- Opening Delimiter -

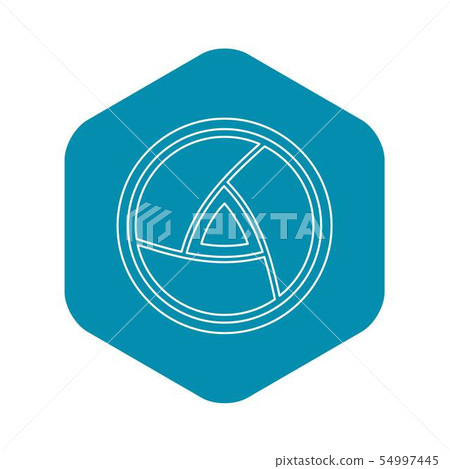Objective icon, outline style Objective icon, outline style 54997445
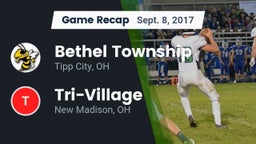 Recap: Bethel Township  vs. Tri-Village  2017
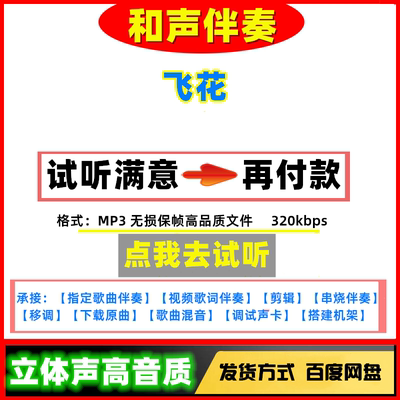 飞花伴奏高品质立体声无损音质mp3剪辑串烧下载消音伴奏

- Closing Delimiter -

- [Brief] Retype the listing above exactly. Pictures are not part of the copy.

- [Task solution]
Objective icon, outline style Objective icon, outline style 54997445
 Recap: Bethel Township  vs. Tri-Village  2017
 飞花伴奏高品质立体声无损音质mp3剪辑串烧下载消音伴奏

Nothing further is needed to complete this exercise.